One of the nicest day trips from Yerevan for distance, scenery and sights is heading up to Dilijan via Lake Sevan. We left on a crisp autumn day; we’d heard the leaves were changing colors in Dilijan. We drove north from Yerevan for about 45 minutes with the landscape remaining similar to that of Yerevan before hitting the northern tip of Lake Sevan. The huge lake (5% of the country’s surface area) is surrounded by rolling hills, so large you often can’t see the farthest shores, easy to imagine it’s the ocean in front of you.
We climbed the peninsula, just off the highway to check out Sevanavank Monastery. The monastery was of a much cruder construction than any other I saw in Armenia, but beautiful in its simplicity and surroundings. The interior had an old wooden altar; the courtyard some unique green carved crosses. We took more photos from a cement platform at the end of the peninsula and headed back to the car to go northwest through a tunnel hundreds of meters long, through a mountain.

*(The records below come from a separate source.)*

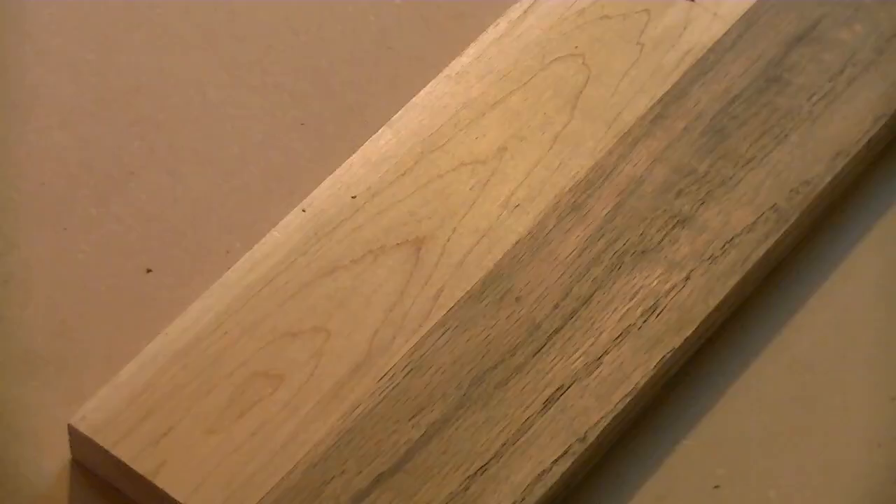Welcome to Scott's Garage. Today on our project we're going to be making a smoothing plane. Here are the woods I chose — we have some maple and on the right side we have some red oak.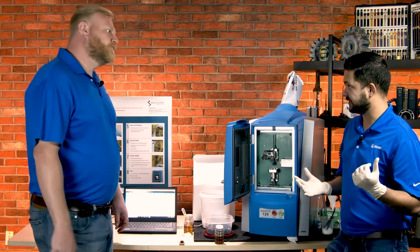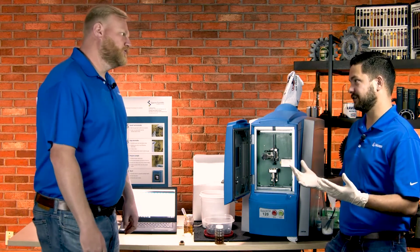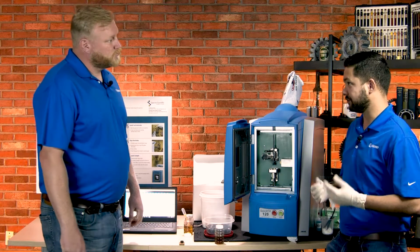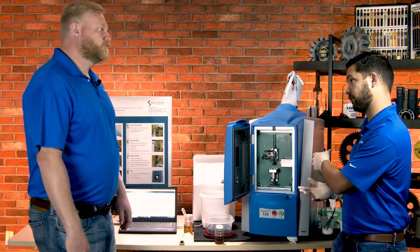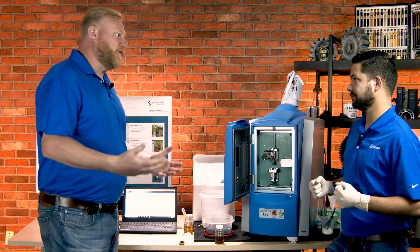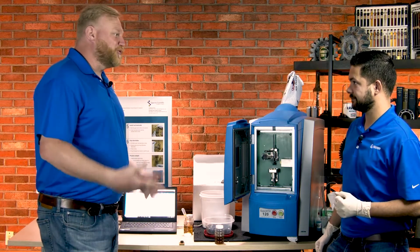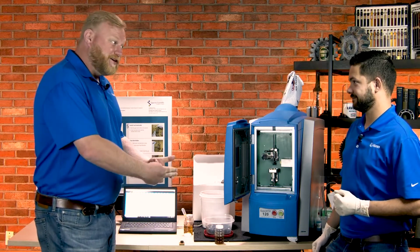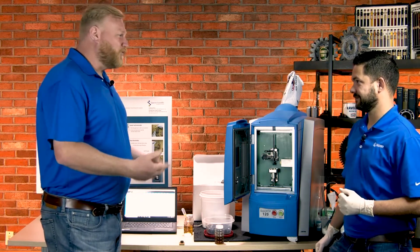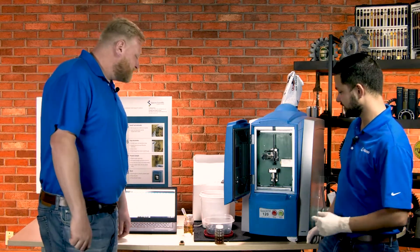I was at a customer site just yesterday and they were dealing with a bearing failure. We took the opportunity to take an oil sample and do some analysis — one of the key things being the elemental data. We want to take advantage of it when it happens to be able to reduce it in the future. Oil analysis can be predictive and proactive, but sometimes we deal with the post mortem and do root cause analysis to see how it happened and how we can avoid it.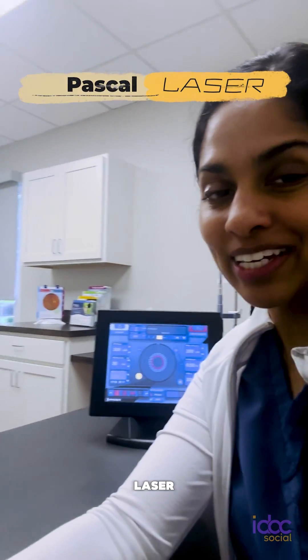Hi everyone, Dr. Shanika Espritz here, board certified ophthalmologist and medical retina specialist. And today I wanted to show you one of my favorite tools to use in the office, which is my Pascal laser.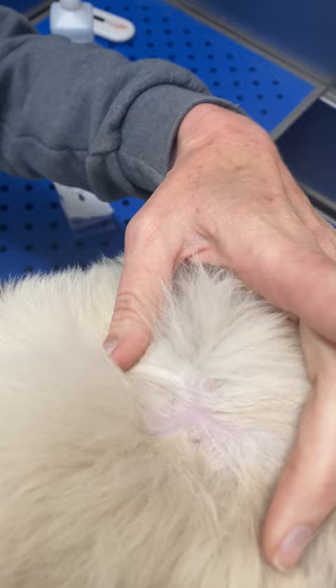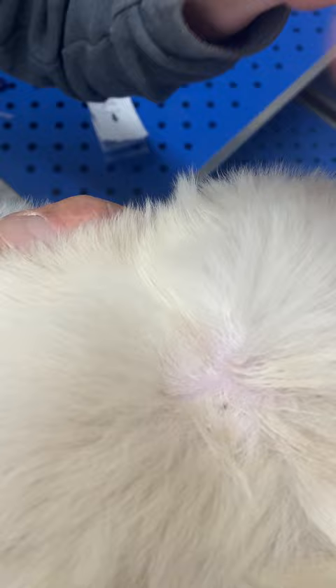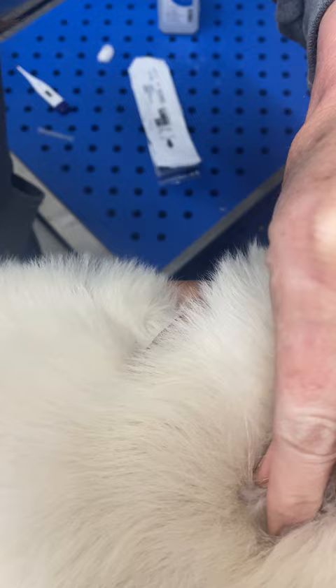The needle is pre-loaded with the microchip already in it, and it is a huge needle. So you're going to put the beveled edge against the puppy. Make sure that's dry, then you're going to tent that skin. You're going to put that needle all the way in and push it in, and then I'm going to pinch that closed — pinch the little hole closed.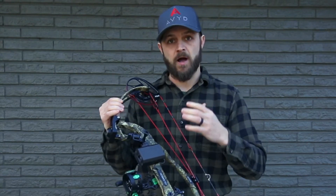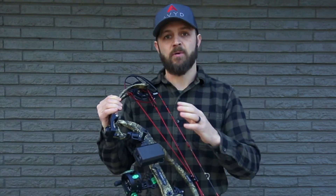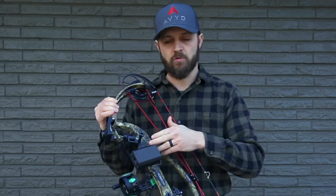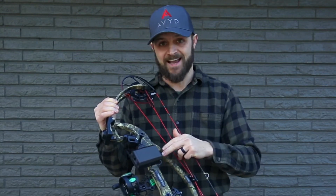The way Avid works is it's very modular, so the hunter can set it up on their bow in any way that's best for their particular setup. There are quarter-twenty mounts on the top, bottom, and side,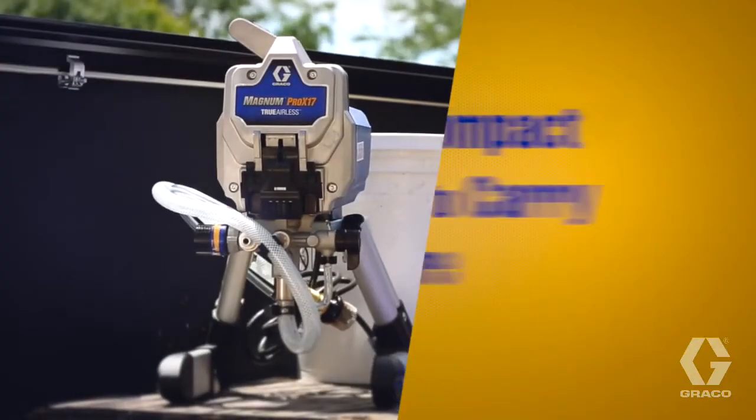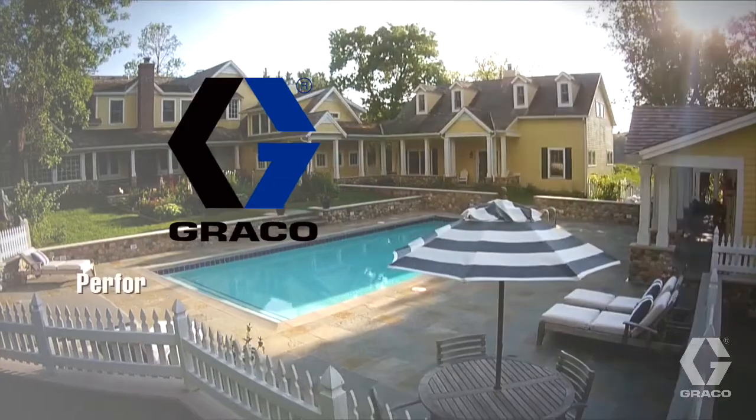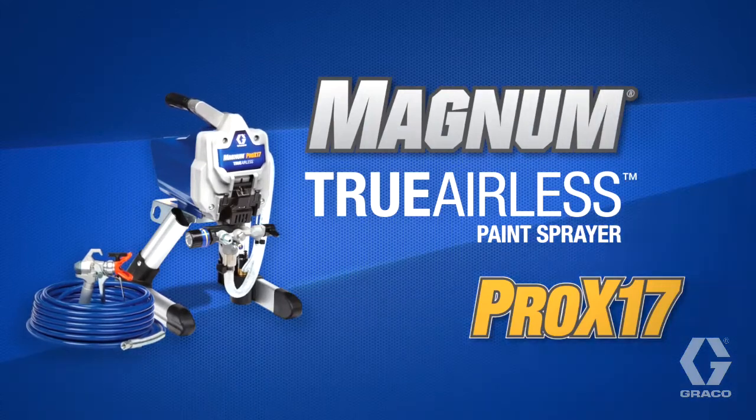The durable stand mount keeps it compact, lightweight, easy to carry and easy to store. Performance, durability, and quality from Graco. Magnum Pro X17.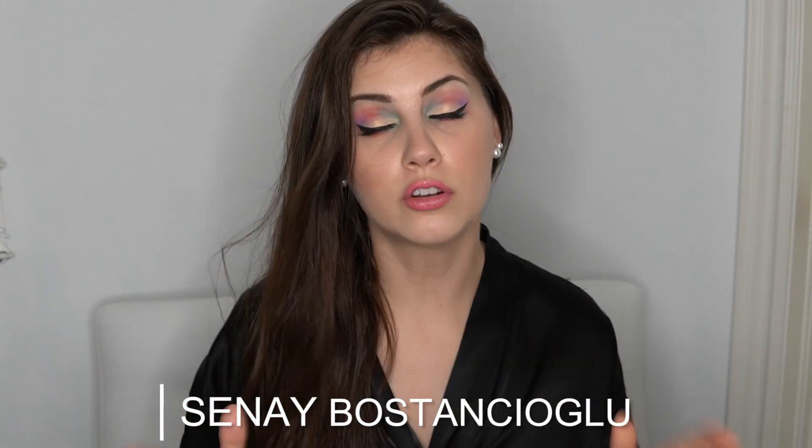I found one from Sine — I don't know how to say her last name but I will pop it up on the screen. Full credit goes to her because I took her look and just duplicated it, so I will have that video kind of playing throughout this one as a guideline. I'm really happy with how this look came out.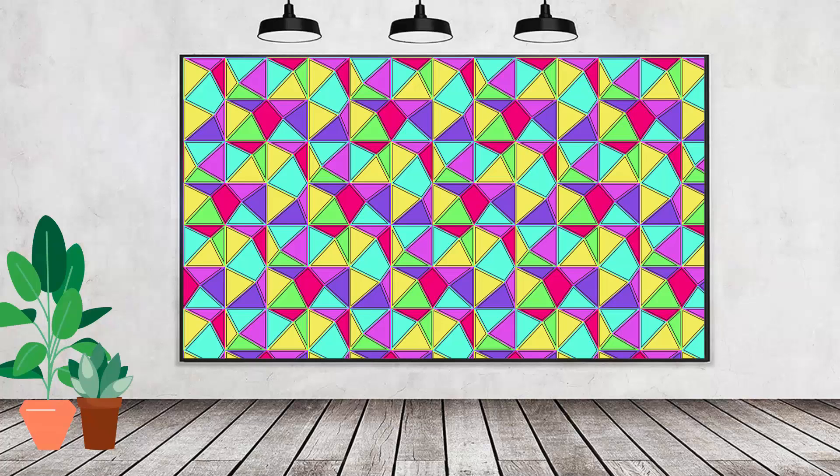Hello and welcome to this video tutorial. Today we're going to create a pattern based on a square made out of triangles, and there are some interesting techniques that we're going to learn along the way.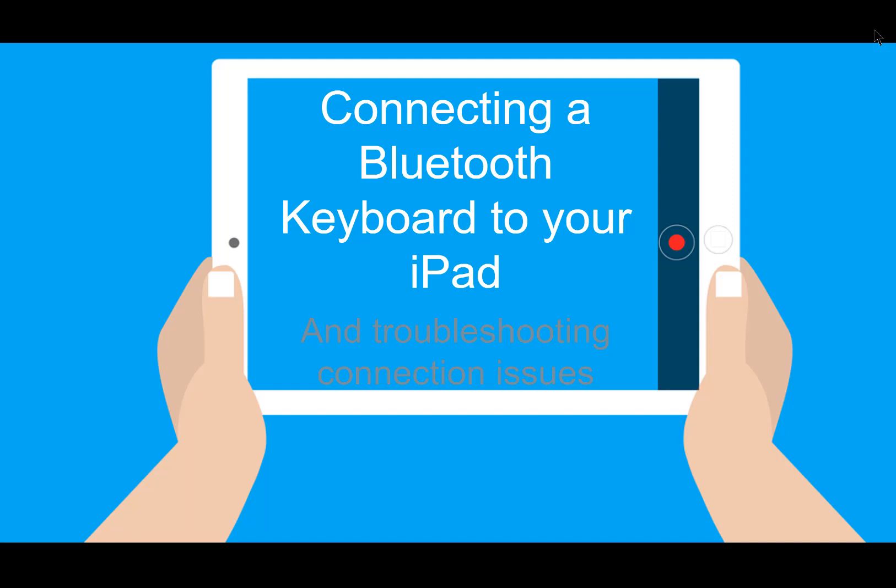Do you have a Bluetooth keyboard to connect to your iPad? Or has that keyboard lost connection to the iPad? Let's take a look at the steps for setting up that Bluetooth connection or for troubleshooting it.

Coming out of the tunnel you enter a whole new landscape. Forests suddenly appear before your eyes, and grow thicker as you go. Colors were turning; we stopped a few times for more pictures. Thirty minutes after leaving the shores of Lake Sevan you are in the heart of Dilijan. We climbed up the pedestrian old town street named Sharambeyan, checked out a museum and an old woodworker’s craft shop, then popped into the tourist information office. The old architecture of this area is quite different than in other parts, beautiful carved wooden balconies and details all over. After getting the info we needed, we went further, towards Haghartsin Monastery.
The road up to the monastery is narrow and winding, along a stream through thick forests with more colorful leaves. When we got to the final bend, we could see the monastery laid out below us. More pictures and then we explored the little chapels and khachkars by the bend. A priest at the monastery gave us a tour of the magical complex. It was built between 800 and 1,000 years ago, still in excellent condition. An old oven was being used to bake sweet breads; we bought some to add to our goodies, picniked under a massive hollow tree, with an incredible view of the monastery, canyon, cliffs and colorful forests. Our seats were sections of tree trunks that had been cut for this purpose. We had a hard time forcing ourselves to leave.
Goshavank Monastery was another 20 minutes from Haghartsin, in a village, with turkeys and pigs running out of the way to make room for the vehicle. The first thing we noticed was the most incredible carved cross. The detail was simply hard to imagine with lace-like multiple layers of intricate designs. Needless to say, we took a lot of pictures. The rest of the complex had its share of cool carvings, chambers and views, so we thoroughly enjoyed the main complex before heading up a mud road to an outpost building of the monastery. It was a cute little round structure, but the view from above the main complex was what made it worthwhile.
The day was getting late. When we arrived at Lake Sevan, someone asked if anyone wanted to eat fish for dinner, a good idea. We stopped at a roadside lakefront joint that was pretty large, ordered fish, barbecued and fried – delicious and cheap, $6.00 to $7.00 per person with drinks and salads. Just what we needed to cap off a beautiful day.
I did this trip by car, but you can take a cab for the day for around $100.00 or so, or get on a day tour for $30.00.